"You should hear them from the lips of one of the girls of Andalusia, whose cheeks seem to glow with the warmth of even a hotter sky than that of Spain, whose delicate hands and prettily turned ankles might serve for those of Mahometan houries, who speak their language with a sort of Oriental accent, and whose full, black eyes seem to shoot forth revelations of the depth and mystery of Eastern feeling. It is among the footsteps of Arabian beauty that you should listen to the last echoes of Arabian minstrelsy on the shores of western Europe" ('Moroccan Romances', Prose I 94).
"The air was fragrant with a thousand trodden aromatic herbs, with fields of lavender, and with the brightest roses blushing in tufts all over the meadows, or breathing forth their sweetness from the secrecy of myrtle thickets and clumps of the fig-tree and pomegranate. The sounds I had heard seemed worthy to mingle with this bright and perfumed atmosphere, and to thrill the beautiful scenery around me" (Prose I 95).

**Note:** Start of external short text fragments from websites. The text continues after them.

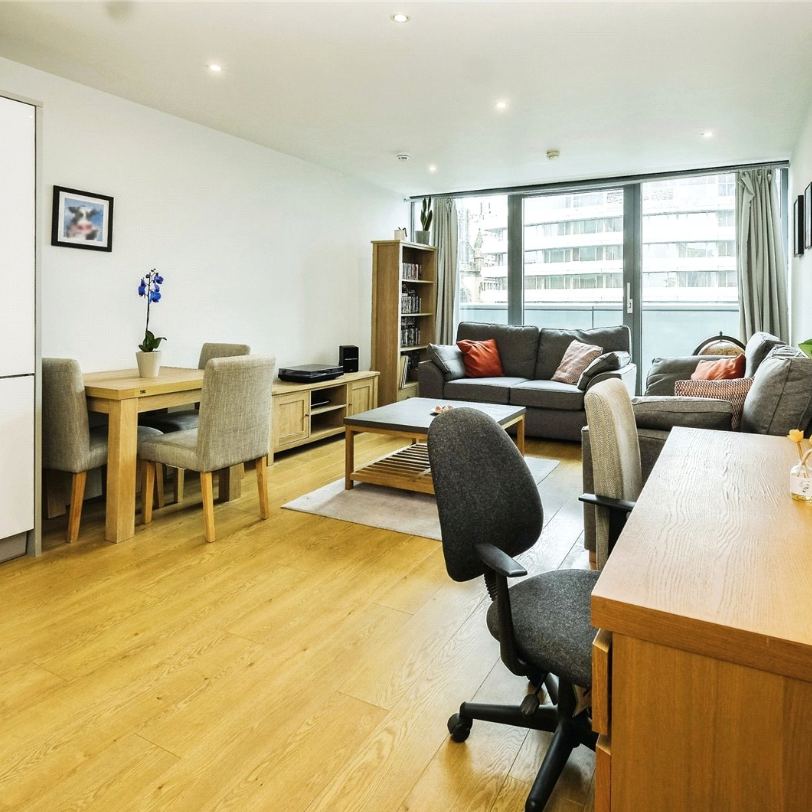 Rumford Place, Liverpool, L3 - Photo 1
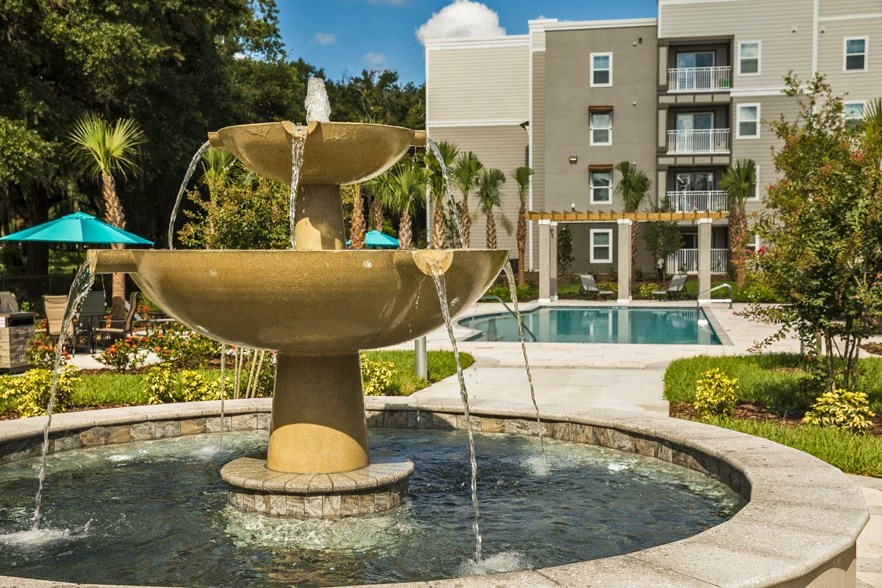 Summerset Apartments in Zephyrhills, FL photo of fountain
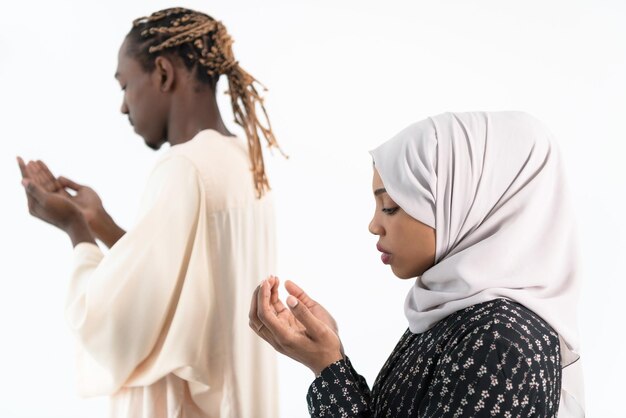 Photo african muslim couple praying allah by raising hands and making fatiha pray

"To me it seems that one of the most important requisites for a great poet is a luminous style. The elements of poetry lie in natural objects, in the vicissitudes of human life, in the emotions of the human heart, and the relations of man to man. He who can present them in combinations and lights which at once affect the mind with a deep sense of their truth and beauty, is the poet for his own age and the ages that succeed it" (Prose I 158).